Tax badged (hidden questions)

Tax “Badges of Trade”

The Income Tax (Trading and Other Income) Act 2005 states that the trading profit of a person who is resident in the UK are chargeable to income tax whether the trade is carried on. The trading profits of a non UK resident are chargeable to income tax only if the trade is carried on wholly or partly in the UK. When deciding if someone is trading or not it’s important to make two distinctions:

(a) The distinction between employment and self-employment

(b) For a taxpayer who sells goods or other assets, the distinction is between trading activities and non-trading activities.

Section 989 of the Income tax states that a “Trade” includes “any venture in the nature of trade”. This circular definition is f little real help and therefore it has been left largely to the courts to decide whether or not a given activity constitutes trading.

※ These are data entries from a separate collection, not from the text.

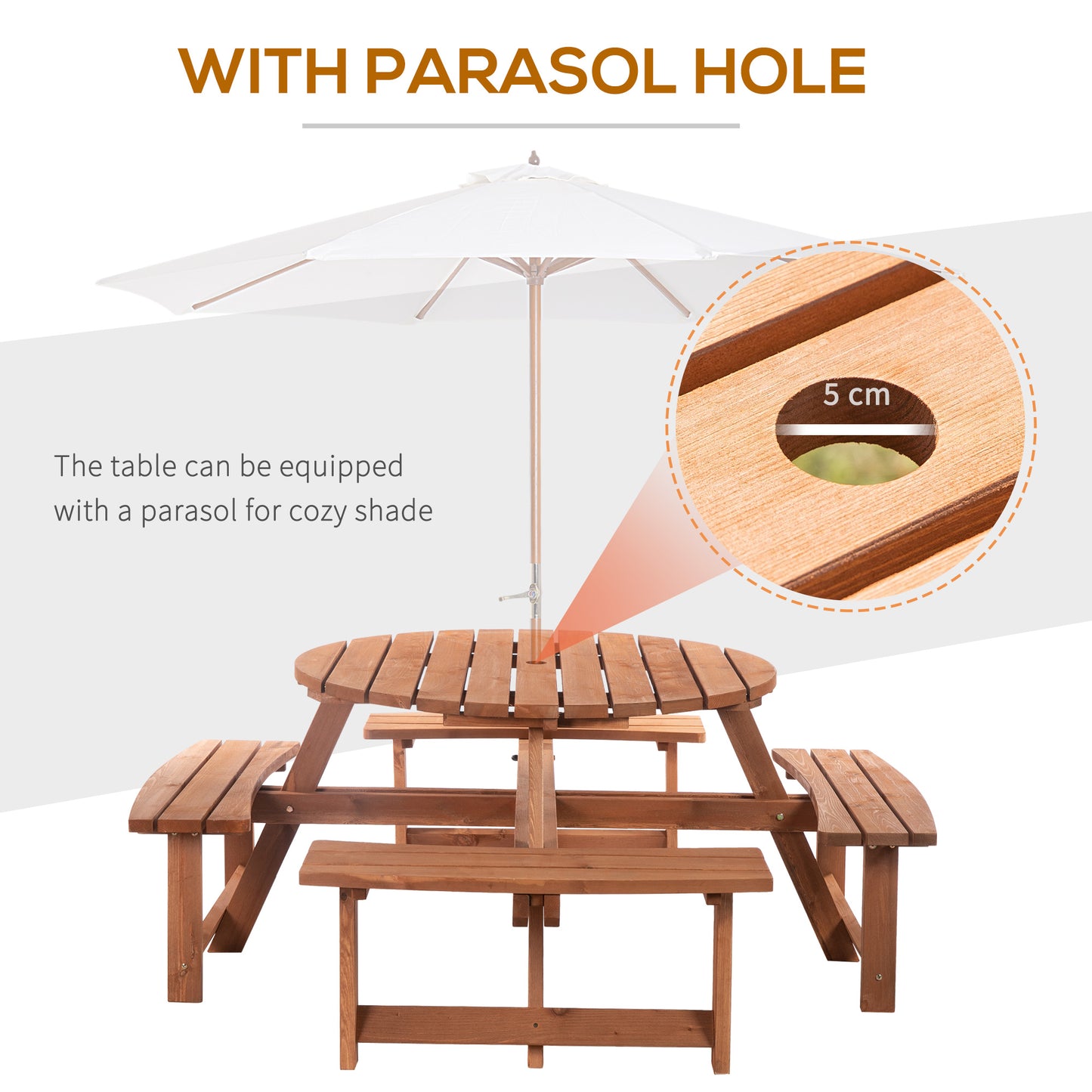 Outsunny 8 Seater Round Wooden Pub Bench Picnic Table Furniture Set for Outdoor Garden or Patio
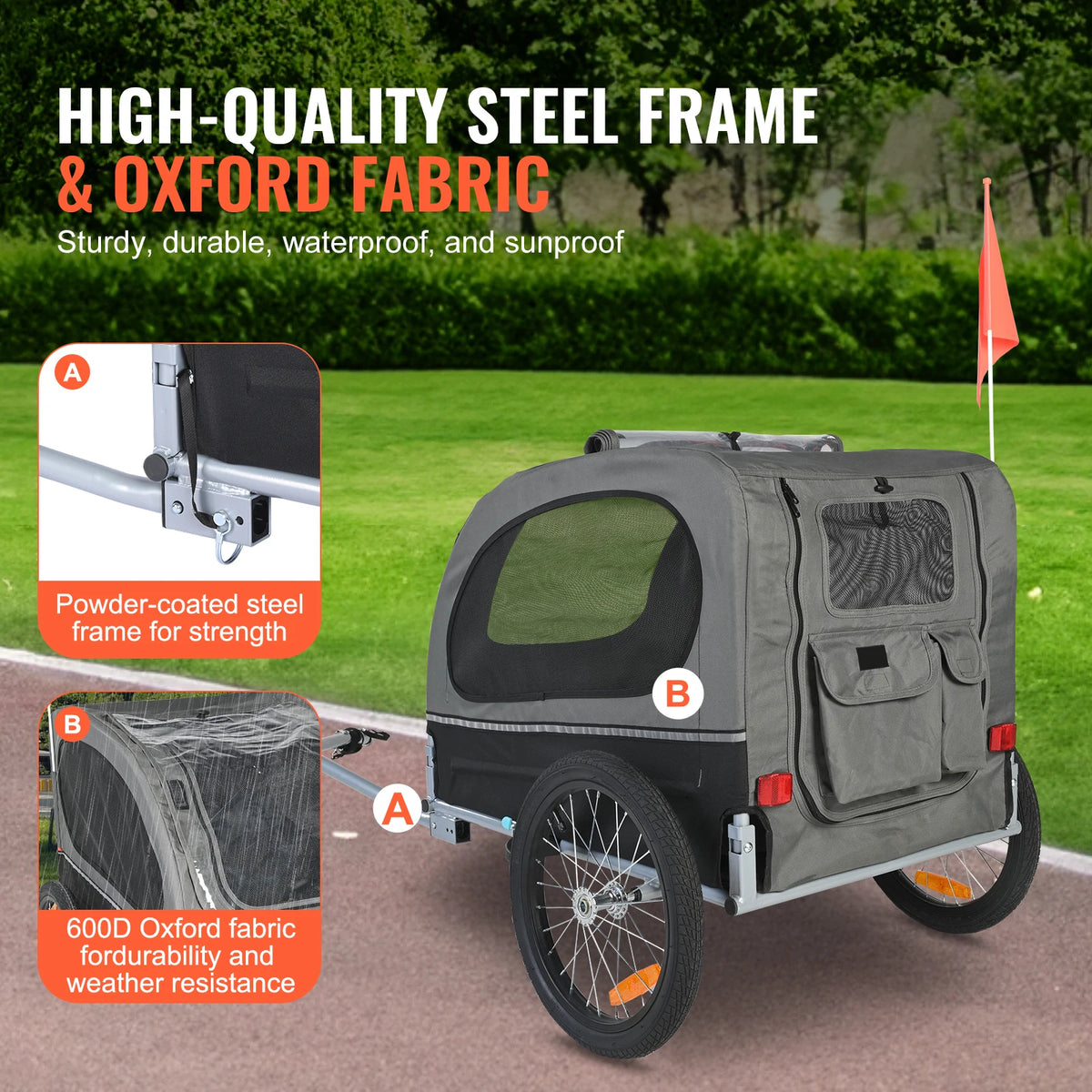 Collapsible Dog Bike Trailer With Reflective Pet Bicycle Carrier
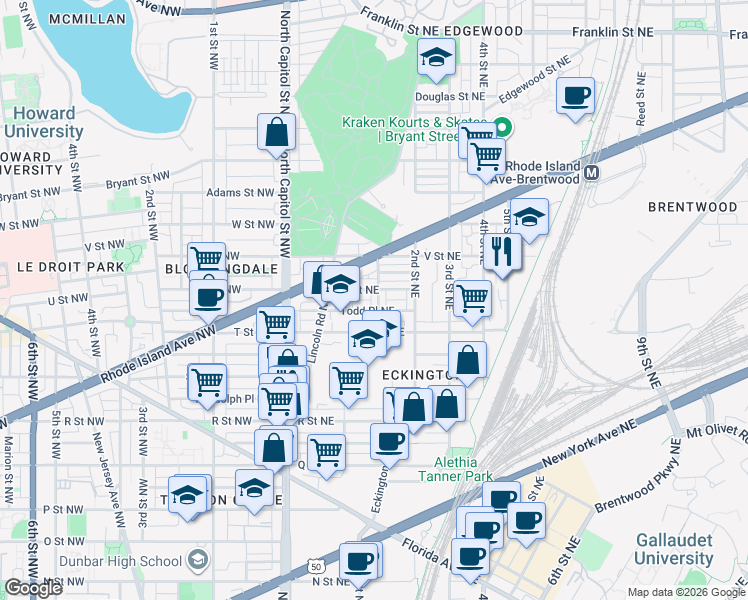 map of restaurants, bars, coffee shops, grocery stores, and more near 101 Independence Avenue Southeast in Washington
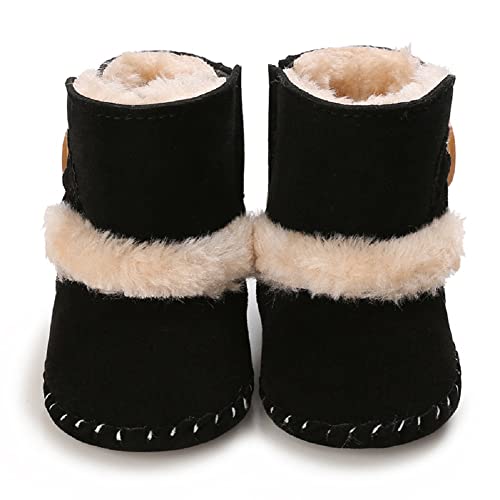 Jonbaem Newborn Baby Boys Girls Snow Winter Boots Infant Toddler Soft Sole Winter Warm Crib Booties Shoes(12-18 Months, Black) #TOP3
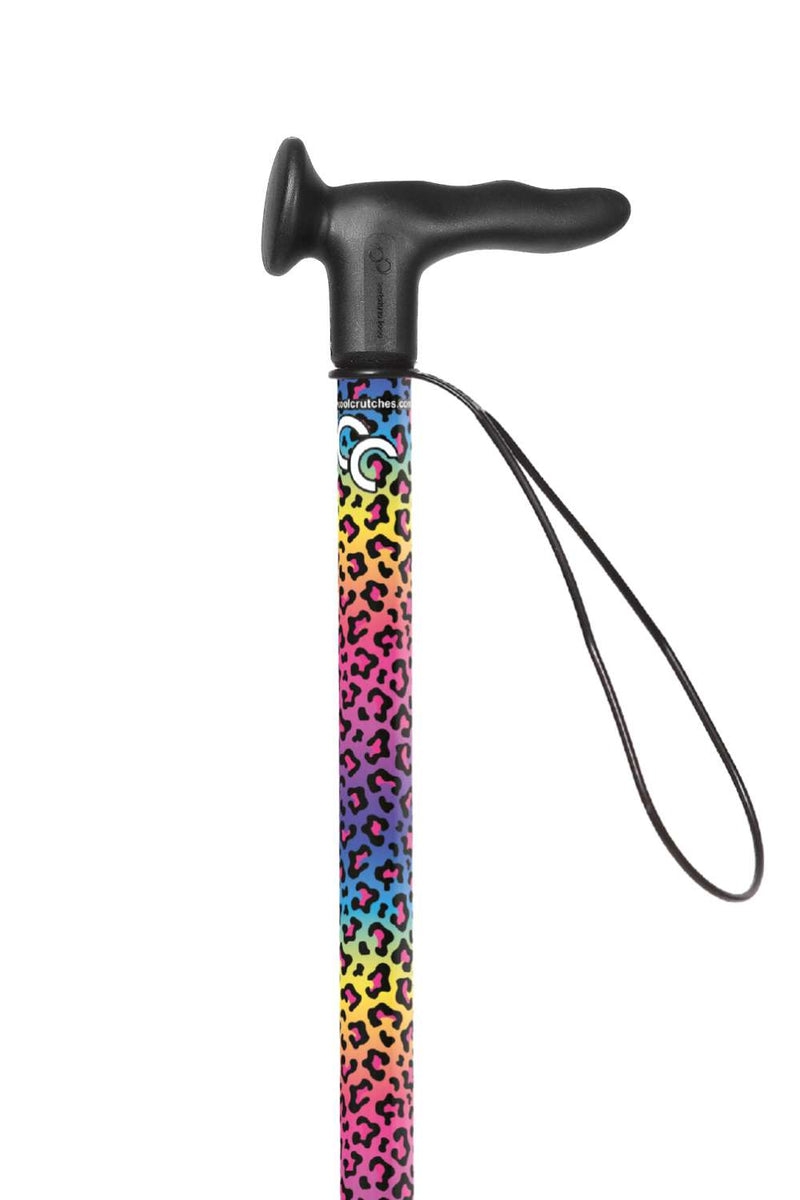Rainbow Leopard Ergonomic Walking Stick | Stylish Shock-Absorbing ...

The way to distinguish is through the “badges of trade”, they are as follows:

(a) Subject matter of transaction

If a taxpayer sells assets of a type which might normally be acquitted for personal enjoyment or held as a source of income, this may suggest that any profit arising on their sale should be treated as a capital gain rather than a trading profit. But if the assets concerned do not provide personal enjoyment and do not yield income, it would seem that the only way in which they could be turned to advantage is by selling them. In these circumstances, any profit arising on their sale might be treated as a trading profit. In Mary v Lowry 1926 the tax payer bought and sold a huge quantity of ware surplus lien. In Rutledge v CIR 1929 the taxpayer bought and sold one million toilet rolls. In both cases, it was held that the subject matter of the transaction was such that activity could be construed as trading.

(b) Length of the period of ownership

Trading stocks are normally retained for only a short period before being sold, whereas assets acquired for personal use or as a source of income are generally retained for longer. Therefore, if assets are bought and sold within a short space, of time it is more likely that any profit made will be treated as trading profit.

(c) Frequency of transactions

The more often a taxpayer repeats a certain type of transaction, the more likely it is that the activity will be construed as trading. In Pickford v Quirke 1927, the taxpayer bought a cotton mill and sold off its assets at a profit. This was the fourth time he had carried out this type of transaction. Ir was held to trading.

(d) Supplementary work

A taxpayer who buys an asset, performs work on the asset so to make it more saleable and then sells the asset is more likely to be regarded as trading than someone who simply buys and sells an asset without performing any supplementary work. In Cape Brandy Syndicate v CIR 192, a group of individuals bought a large quantity of brandy which they first blended and sold. Held it was trading.

 (e) Reason for the sale

The circumstances which have prompted the sale of an asset might be taken into account when deciding whether trading has occurred. A sale necessitated by a sudden urgent need for cash is less likely to be regarded as trading activity than a sale made in the normal course of events.

(f) Motive

The presence of a profit motive in the mind of the taxpayer when acquiring an asset provides strong evidence of trading. In Wisdom v Chamberlain 1969, the taxpayer acquired silver bullion with the intention of selling it as a profit and eventually did so. Held to be trading. However, this test is not always conclusive. After all, many investments are bought at least partially with a view to their long term sale at a profit and yet such profits are generally treated as capital gains. This point emphasises the need to consider the evidence provided by all of the badges of trade (not just one) when trying to decide whether or not trading has occurred. Since trading requires the presence of a profit motive when the asset is acquired, the sale of an asset originally acquired by inheritance or by gift or in any way other than purchase is very unlikely to be considered as trading.